Boas notícias. Notícias que me animam e, julgo, animarão quem se bate por novos horizontes. Mas será prudente enfatizar isto: a resistência, a resistência séria, começa realmente agora. Antes que se cantem vitórias e nos regozijemos por um qualquer renascimento esquerdista, os tempos aconselham prudência e uma crítica mais agressiva.
Basta ler esta peça da Reuters para percebê-lo. "Gregos furiosos rejeitam o resgate (sic) e arriscam saída do euro". Uma declaração política sucinta e demonstrativa da guerra de fricção que será movida, com ou sem quartel, a este renascimento ainda frágil. De acordo com a narrativa nascente, esses gregos furiosos (e irracionais, portanto) não acorreram às urnas para definir o rumo da República Helénica nos próximos meses ou anos. Não. Esses loucos furiosos acorreram a um plebiscito à "ajuda" da tríade FMI-CE-BCE, mostraram não ter maturidade para compreender a gravidade de uma recusa do pensamento único corporizado pela Nova Democracia do espantoso Samaras e pelo risível PASOK; a moeda única foi depauperada por cada voto na SYRIZA, no KKE (que continuará a ser o opóbrio de sempre) e em todos esses perigosos esquerdistas - o Tratado Fiscal, que ilegaliza o Estado keynesiano, pressentirão os verdugos da Europa austeritária, ainda não palmilhou o caminho da imanência austeritária; ainda podemos resistir-lhe.
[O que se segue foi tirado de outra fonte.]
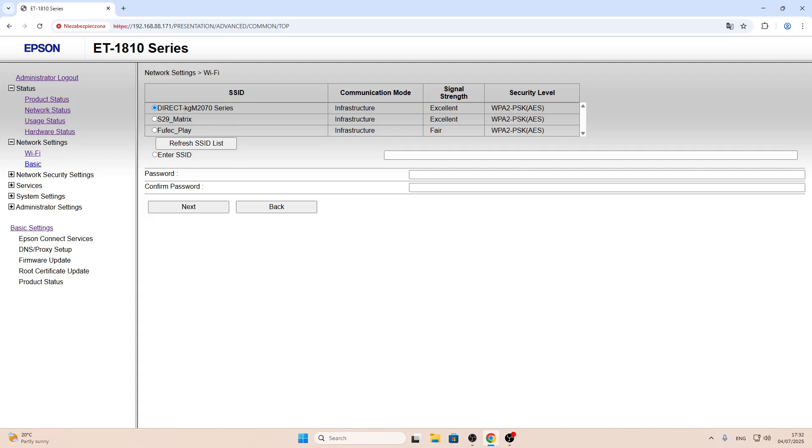Here you will see all available Wi-Fi networks. For example, now I'm connected to the S29 matrix. In this case, it's only one way to connect our device to the network.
Esta será a narrativa. Vejam o que escreverá o Expresso. Vejam o que escreverão os inenarráveis (mas sempre circunspectos e isentos, afirma-se) FT e Economist. Hollande já estará a ser pressionado no sentido de refrear o ímpeto soberanista, dado que a eurocracia não gosta de incerteza ou flexibilidade quando se vê afectada por elas; terá de ser responsável, porque o Eliseu deve ser ocupado por um cidadão responsável, capaz de cumprir o papel de correia transmissora do ordoliberalismo.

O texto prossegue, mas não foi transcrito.